What the task asks: Using the records below, quote only the span that opens with the line containing "Bild des Angebotes Chevrolet Matiz 0.8 S" and closes with the line containing "Thorens TD 403 DD Turntable", exactly and inclusively.

------ Data for this exercise

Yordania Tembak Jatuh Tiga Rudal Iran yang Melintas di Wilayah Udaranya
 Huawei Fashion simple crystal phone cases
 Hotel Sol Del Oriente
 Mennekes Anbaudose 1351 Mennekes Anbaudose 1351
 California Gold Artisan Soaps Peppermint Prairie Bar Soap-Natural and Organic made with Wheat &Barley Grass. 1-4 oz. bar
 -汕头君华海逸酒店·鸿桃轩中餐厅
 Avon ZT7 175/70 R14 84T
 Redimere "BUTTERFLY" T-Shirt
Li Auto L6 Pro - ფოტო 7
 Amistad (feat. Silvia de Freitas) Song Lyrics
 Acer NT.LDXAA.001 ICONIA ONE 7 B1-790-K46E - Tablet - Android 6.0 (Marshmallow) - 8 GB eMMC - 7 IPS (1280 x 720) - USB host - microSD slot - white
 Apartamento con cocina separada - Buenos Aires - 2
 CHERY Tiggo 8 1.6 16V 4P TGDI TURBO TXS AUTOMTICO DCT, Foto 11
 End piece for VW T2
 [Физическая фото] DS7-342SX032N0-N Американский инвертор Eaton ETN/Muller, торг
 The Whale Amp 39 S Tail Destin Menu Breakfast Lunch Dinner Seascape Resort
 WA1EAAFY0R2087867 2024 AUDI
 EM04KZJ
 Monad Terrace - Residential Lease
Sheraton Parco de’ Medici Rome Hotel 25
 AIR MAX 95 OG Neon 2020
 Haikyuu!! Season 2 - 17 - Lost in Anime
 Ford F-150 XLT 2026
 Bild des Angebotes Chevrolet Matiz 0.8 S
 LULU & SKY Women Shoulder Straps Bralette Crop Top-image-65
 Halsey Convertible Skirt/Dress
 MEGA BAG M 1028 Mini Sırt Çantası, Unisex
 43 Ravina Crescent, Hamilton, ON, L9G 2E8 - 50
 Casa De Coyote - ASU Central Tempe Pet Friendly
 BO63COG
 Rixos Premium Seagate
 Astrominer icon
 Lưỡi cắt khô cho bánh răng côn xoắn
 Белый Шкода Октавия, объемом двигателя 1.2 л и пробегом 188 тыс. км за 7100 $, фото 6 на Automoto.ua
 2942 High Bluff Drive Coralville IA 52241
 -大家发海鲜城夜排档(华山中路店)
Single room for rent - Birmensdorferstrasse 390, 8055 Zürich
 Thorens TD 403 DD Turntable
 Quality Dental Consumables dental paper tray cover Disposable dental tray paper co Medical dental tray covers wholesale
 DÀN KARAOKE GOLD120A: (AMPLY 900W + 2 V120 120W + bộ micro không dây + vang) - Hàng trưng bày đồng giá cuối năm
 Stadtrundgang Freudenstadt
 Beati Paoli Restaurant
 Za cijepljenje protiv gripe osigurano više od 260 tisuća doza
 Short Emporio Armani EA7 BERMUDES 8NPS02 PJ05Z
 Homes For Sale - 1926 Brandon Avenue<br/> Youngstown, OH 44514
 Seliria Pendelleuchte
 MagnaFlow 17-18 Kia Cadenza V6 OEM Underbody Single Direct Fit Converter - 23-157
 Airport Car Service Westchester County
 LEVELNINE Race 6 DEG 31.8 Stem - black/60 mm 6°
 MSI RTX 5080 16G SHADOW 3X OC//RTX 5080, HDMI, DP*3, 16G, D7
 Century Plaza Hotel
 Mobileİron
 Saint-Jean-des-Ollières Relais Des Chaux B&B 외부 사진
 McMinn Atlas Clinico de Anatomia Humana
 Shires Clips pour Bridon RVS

------------

Reply:
 Bild des Angebotes Chevrolet Matiz 0.8 S
 LULU & SKY Women Shoulder Straps Bralette Crop Top-image-65
 Halsey Convertible Skirt/Dress
 MEGA BAG M 1028 Mini Sırt Çantası, Unisex
 43 Ravina Crescent, Hamilton, ON, L9G 2E8 - 50
 Casa De Coyote - ASU Central Tempe Pet Friendly
 BO63COG
 Rixos Premium Seagate
 Astrominer icon
 Lưỡi cắt khô cho bánh răng côn xoắn
 Белый Шкода Октавия, объемом двигателя 1.2 л и пробегом 188 тыс. км за 7100 $, фото 6 на Automoto.ua
 2942 High Bluff Drive Coralville IA 52241
 -大家发海鲜城夜排档(华山中路店)
Single room for rent - Birmensdorferstrasse 390, 8055 Zürich
 Thorens TD 403 DD Turntable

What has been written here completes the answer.